→ **EXERCISE REQUIREMENTS**: Where an entry contains an image, skip the image and print the rest exactly.

→ **GIVEN ENTRIES**:

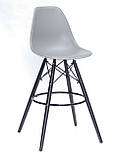 Барний стілець Nik BK Eames, сірий 16, фото 2
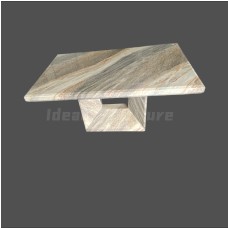 Marble coffee table 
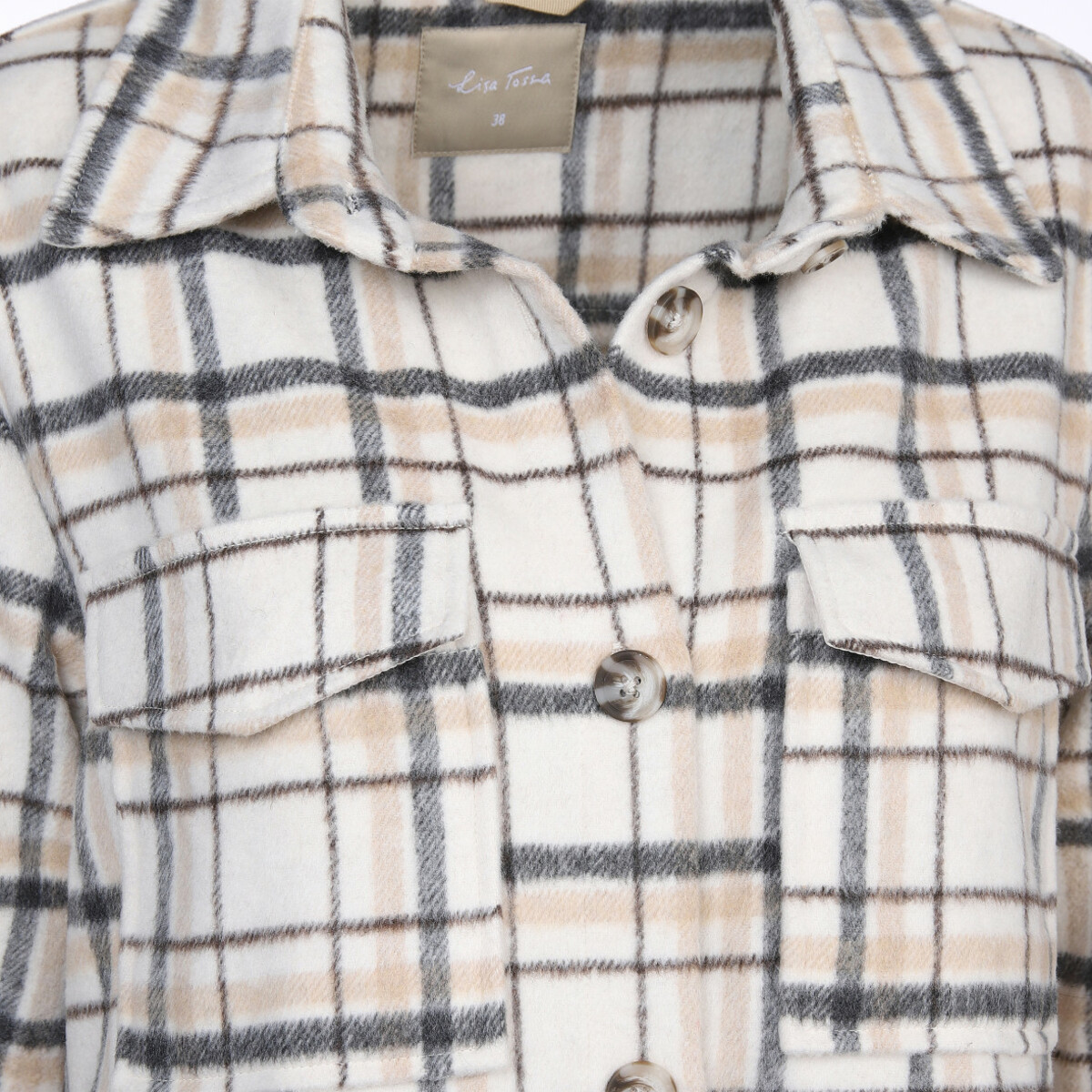 Bild 3 von Damen Overshirt mit Karo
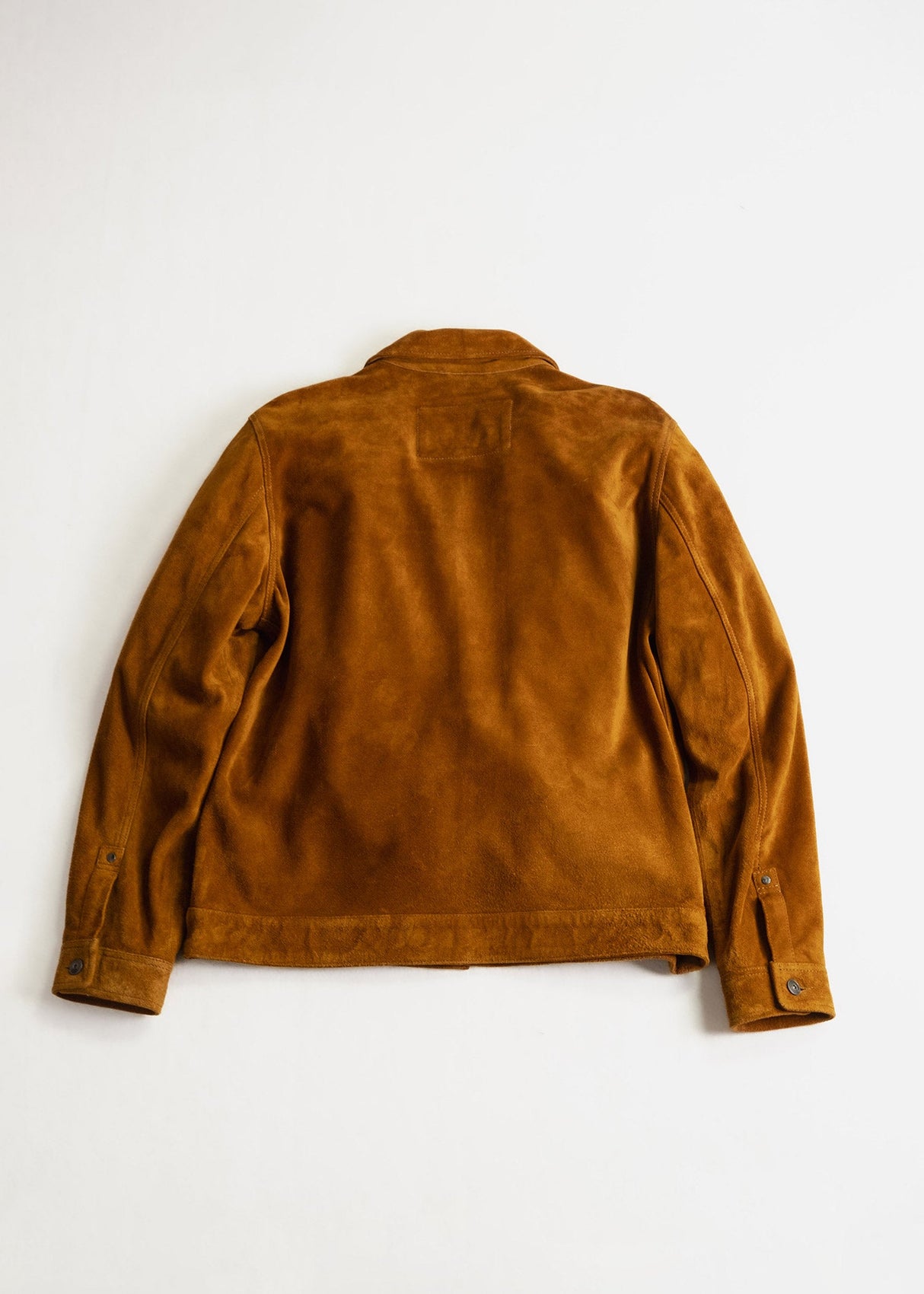 Mechanic Jacket Buffalo Suede from Iron & Resin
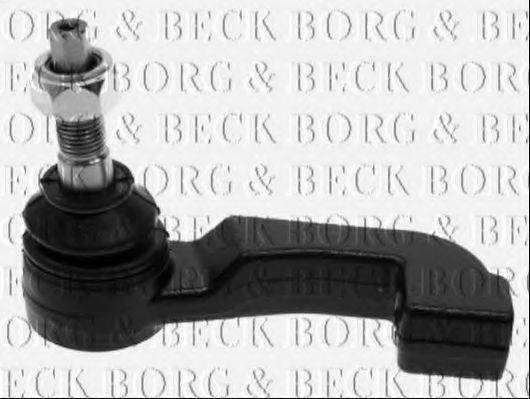BORG & BECK BTR5717 Наконечник поперечной рулевой тяги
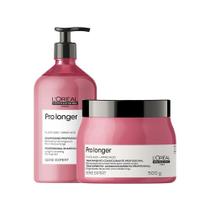 Kit L'Oréal Professionnel Serie Expert Pro Longer - Shampoo e Máscara Kit L'Oréal Professionnel Serie Expert Pro Longer - Shampoo e Máscara
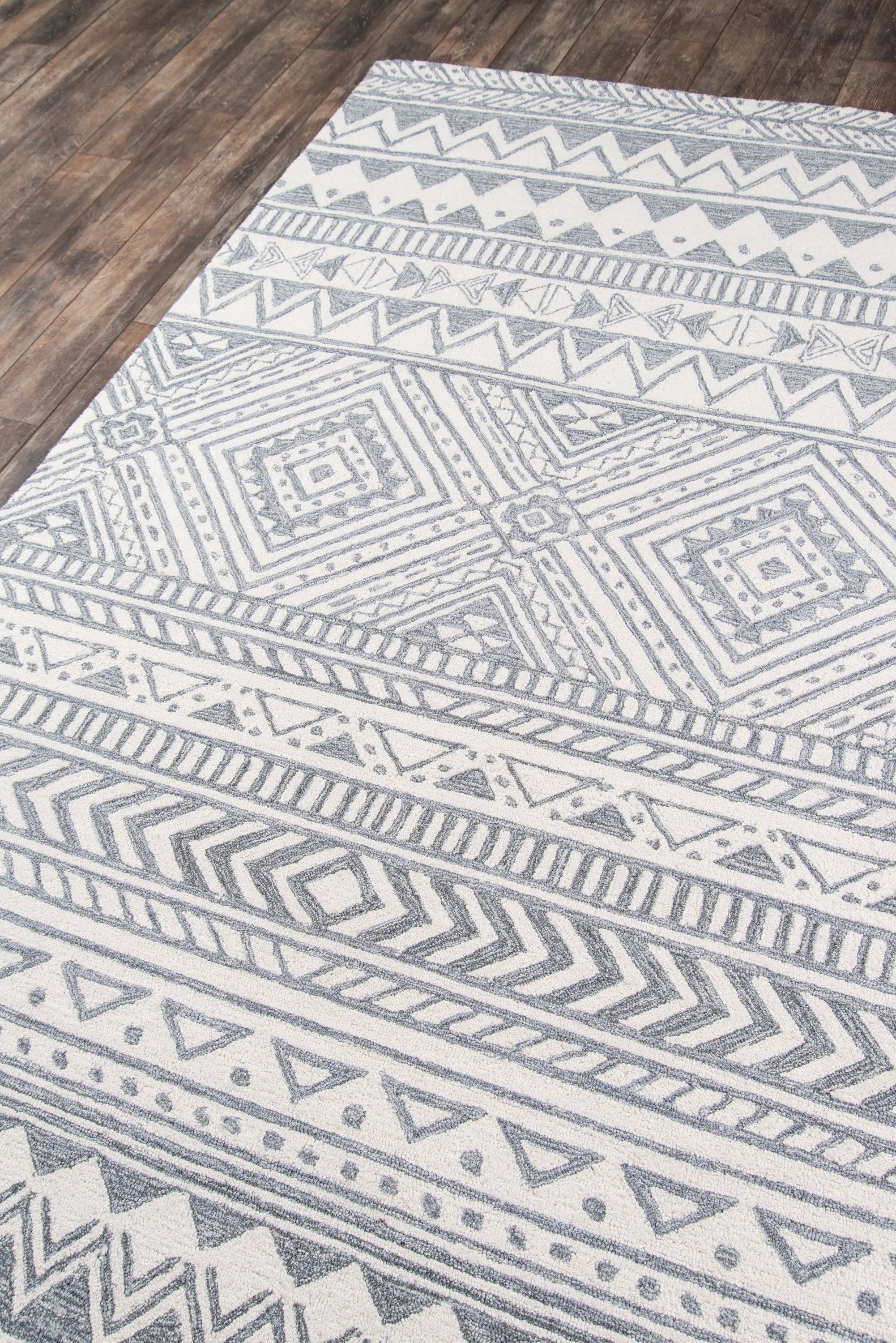 Mallorca MRC-5 Gray Area Rug by Momeni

→ **ANSWER TO THIS TASK**:
 Барний стілець Nik BK Eames, сірий 16, фото 2
 Marble coffee table 
 Bild 3 von Damen Overshirt mit Karo
 Mechanic Jacket Buffalo Suede from Iron & Resin
BORG & BECK BTR5717 Наконечник поперечной рулевой тяги
 Kit L'Oréal Professionnel Serie Expert Pro Longer - Shampoo e Máscara Kit L'Oréal Professionnel Serie Expert Pro Longer - Shampoo e Máscara
 Mallorca MRC-5 Gray Area Rug by Momeni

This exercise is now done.